So nothing inspires more angst than when that same Obama stumbles, as he has leaving the gate in 2012.
…
National polls, which had shown Obama with a slight but steady lead over Romney through April, moved into a virtual tie this month — despite Romney’s clumsy conclusion to the GOP race.
And from The Daily Beast:
The dirty little secret of campaigns is that there are usually just two messages. Either: Stay the Course or It’s Time for a Change. When Barack Obama won 53 percent of the popular vote and carried 28 states, just 14 percent of Americans thought we were moving in the right direction. So it was obviously a Time for a Change election. When Ronald Reagan and Bill Clinton coasted to easy reelections, the country’s mood was undeniably Stay the Course.
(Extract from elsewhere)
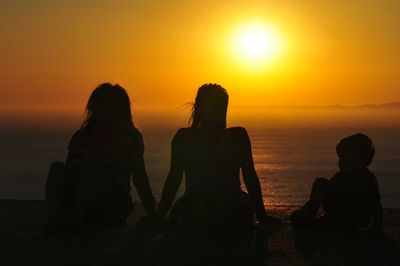 Silhouette people relaxing at beach against sky during sunset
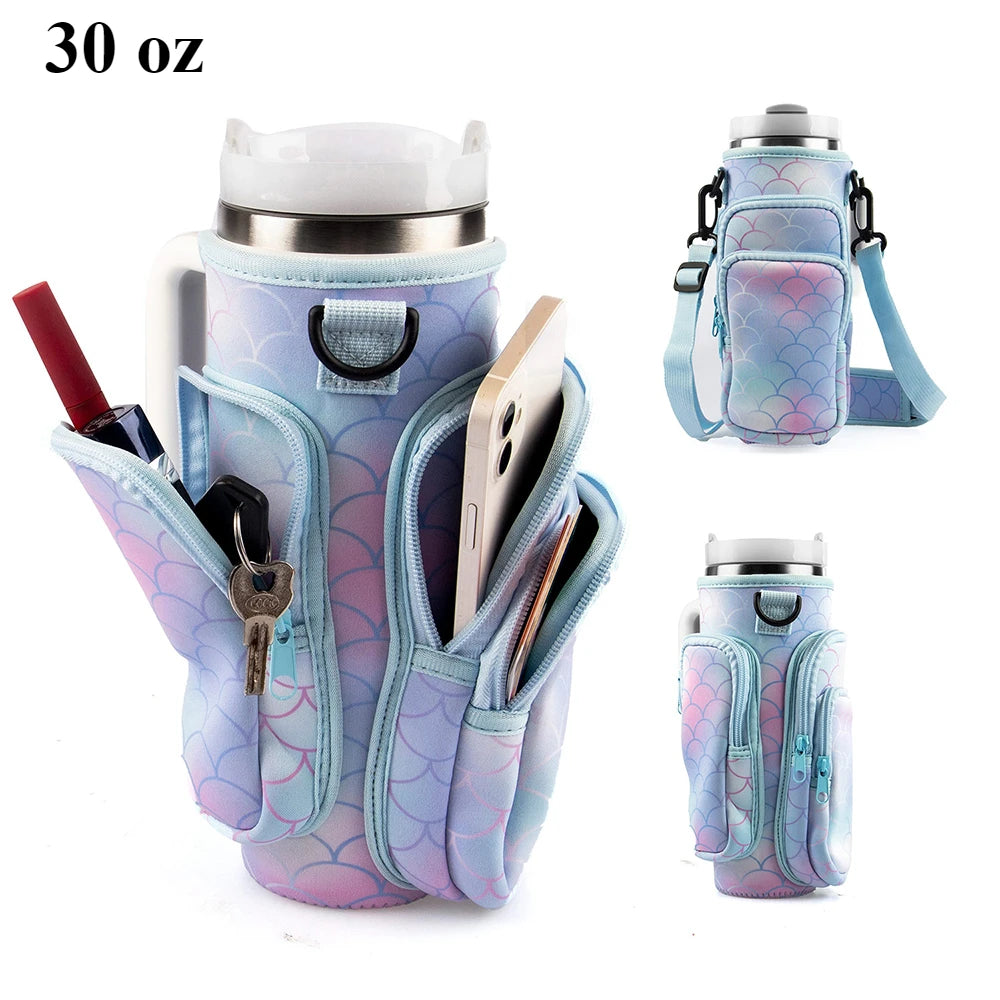 A light blue patterned fabric carrier bag designed to hold and protect a stainless steel tumbler or water bottle.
The election coming up in November is stuck in between. Americans don’t know whether to forge ahead or swing back.
And watching from across the pond, The Daily Telegraph:
There are storm clouds on the horizon for Barack Obama’s re-election.
Democrats indulged in over-confidence during the Republican primaries. It was an understandable reaction to the chaos that came with all the pandering to the far-Right and the rise of frankly laughable candidates like Michele Bachmann and Herman Cain in the search for an alternative to Mitt Romney.
After that debacle, the Romney campaign manager’s promise of an “etch-a-sketch” moment to re-shake and re-shape public perception about their candidate seemed a dose too hopeful.
But only a month after the Republican primaries all but officially ended, we have a real horserace on our hands.
…
According to a new Washington Post/ABC poll, 30 percent of Americans say they are worse off than when President Obama took office in the depths of the fiscal crisis. This is comparable to the numbers President George HW Bush faced when he lost re-election to Bill Clinton in 1992.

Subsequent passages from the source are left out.